(Supplied records)

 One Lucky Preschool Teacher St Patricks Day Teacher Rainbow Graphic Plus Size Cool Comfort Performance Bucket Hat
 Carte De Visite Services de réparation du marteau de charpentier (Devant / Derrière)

(End Supplied records)
(Supplied records)

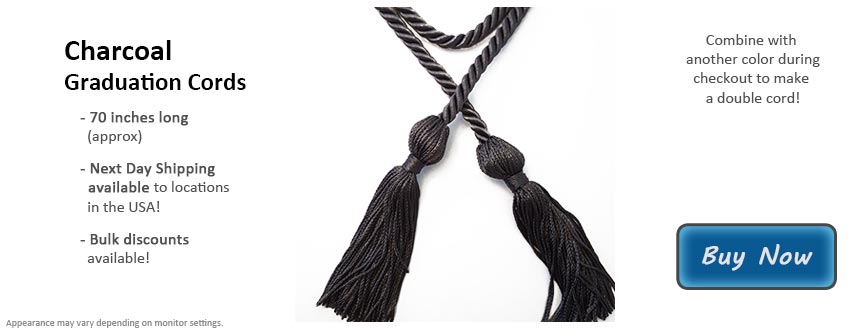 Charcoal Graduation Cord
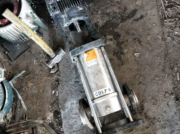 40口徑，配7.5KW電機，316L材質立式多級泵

(End Supplied records)

◆ Brief: Please return the material above only from the line that holds "Charcoal Graduation Cord" through the line that holds "40口徑，配7.5KW電機，316L材質立式多級泵", exactly as it stands, ends included and pictures omitted.

◆ Result of this exercise:
 Charcoal Graduation Cord
 40口徑，配7.5KW電機，316L材質立式多級泵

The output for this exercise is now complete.